Le gouvernement gabonais a décidé de suspendre le contrat signé entre la Société d’énergie et d’eau du Gabon (SEEG) et l’entreprise turque Karpowership, suite à des irrégularités présumées dans sa mise en œuvre. La Direction générale de l’énergie (DGE) a officiellement informé la société turque de cette décision le 22 novembre 2024, évoquant des « insuffisances notables » dans le projet. Une conclusion logique au regard des nombreuses irrégularités constatés dans le contrat conclu entre l’Etat, la SEEG et l’opérateur Turque.
Arnaud Engandji, Conseiller spécial du président de la Transition en charge du Département Énergie, a annoncé qu’une enquête approfondie serait conduite par une commission spéciale pour évaluer la viabilité et la légalité de cet accord. Ce projet controversé, basé sur une centrale-navire au large de Libreville, prévoyait la vente d’électricité à 123 fcfa/kWh, soit plus du double des tarifs actuels pratiqués par la SEEG (55 fcfa/kWh). Cette augmentation des coûts était perçue comme un risque majeur pour une entreprise déjà confrontée à un endettement élevé.
Karpowership, pas à son coup d’essai
Karpowership, filiale de Karadeniz Holding, est spécialisée dans les centrales flottantes pour la production d’électricité. Toutefois, son nom a été associé à plusieurs scandales internationaux. En Afrique du Sud, des allégations de corruption ont entaché un appel d’offres dans lequel la société était retenue comme fournisseur d’énergie d’urgence, alimentant des débats sur le manque de transparence dans le processus. Au Pakistan, un projet similaire a conduit à des accusations de corruption et à l’annulation d’un contrat par la Cour suprême en 2012. L’affaire a abouti à une condamnation de l’État pakistanais à payer 846 millions de dollars à Karpowership, une décision ultérieurement contestée suite à la découverte d’une « chaîne de pots-de-vin » impliquant des transferts bancaires suspects.
Les scandales récurrents de la SEEG
De l’autre côté, au Gabon, la SEEG n’en est pas à son premier déboire. Elle a souvent été au cœur de critiques pour mauvaise gestion et tarification excessive.

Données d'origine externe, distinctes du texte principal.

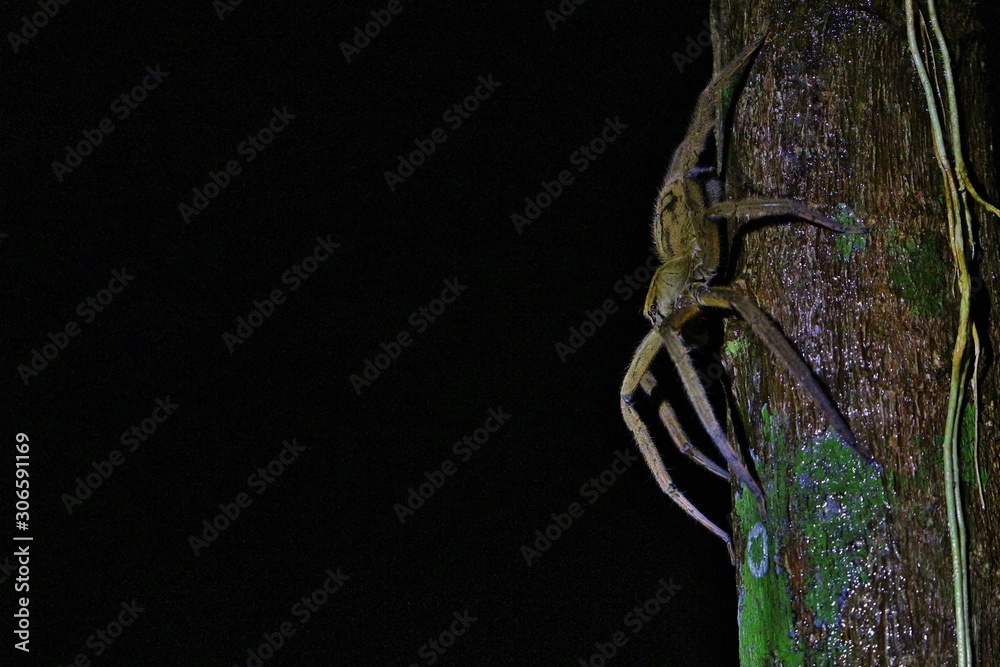 Obraz premium red-eyed tree frog by night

Par exemple, en 2017, l’État avait repris le contrôle de la société, dénonçant des investissements insuffisants dans les infrastructures. Plus récemment, des plaintes ont émergé concernant l’inefficacité du réseau et des interruptions fréquentes d’électricité.

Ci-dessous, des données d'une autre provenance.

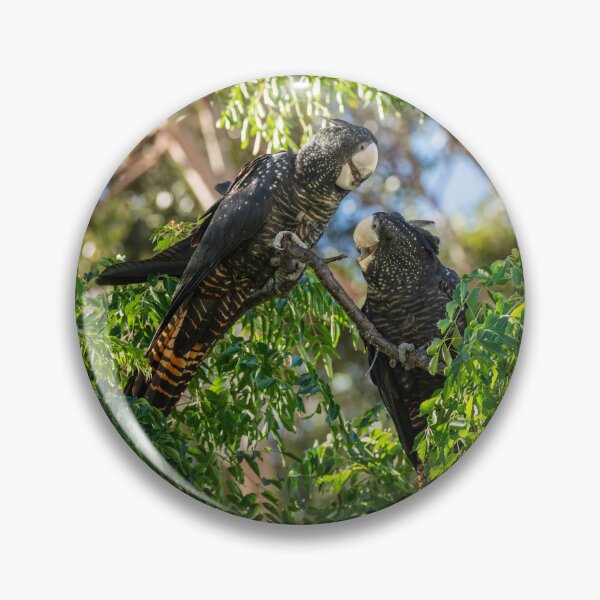 Item preview, Female and immature Red-tailed Black-cockatoo designed and sold by Images by Chris de Blank.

La suspension de ce contrat marque donc un nouvel épisode dans la gestion complexe du secteur énergétique gabonais. Alors que l’enquête se poursuit, la situation soulève des questions sur la responsabilité des parties impliquées, y compris Jeannot Kalima, ministre de l’Énergie, dont le rôle dans ce dossier est examiné par les autorités. Ce cas illustre une fois de plus, l’urgence de renforcer la transparence dans les accords publics et de réformer la gestion de l’énergie au Gabon. Il met également en lumière les faiblesses structurelles de la SEEG, actuellement placée sous administration provisoire, une mesure décidée par l’État pour redresser une entreprise marquée par des difficultés financières et organisationnelles chroniques.

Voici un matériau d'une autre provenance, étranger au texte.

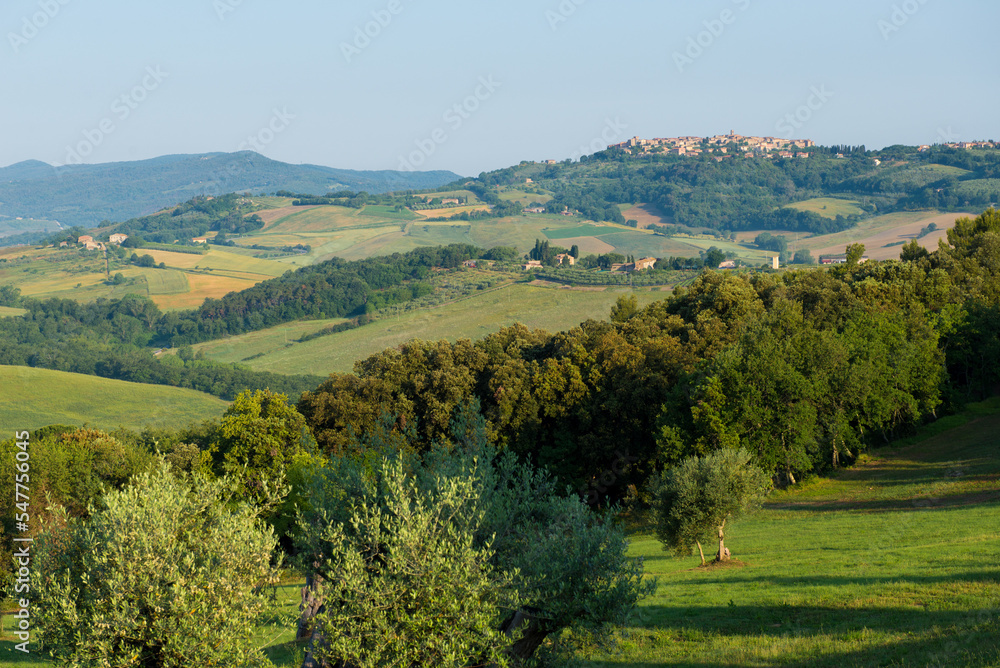 View of buildings on a hilltop in Tuscany, Italy.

Cette situation complexe exacerbe les préoccupations concernant la gouvernance du secteur énergétique et l’efficacité des réformes engagées par les autorités. Le scandale Karpowership survient à un moment critique, où la SEEG, en quête de stabilisation, devait éviter tout engagement financier risqué pouvant aggraver ses dettes. La révélation de ce projet aux clauses controversées pose des questions sur la diligence des acteurs impliqués et les mécanismes de contrôle en place pour protéger les intérêts publics. Alors que le Gabon s’efforce de moderniser ses infrastructures et d’améliorer la fourniture d’électricité à sa population.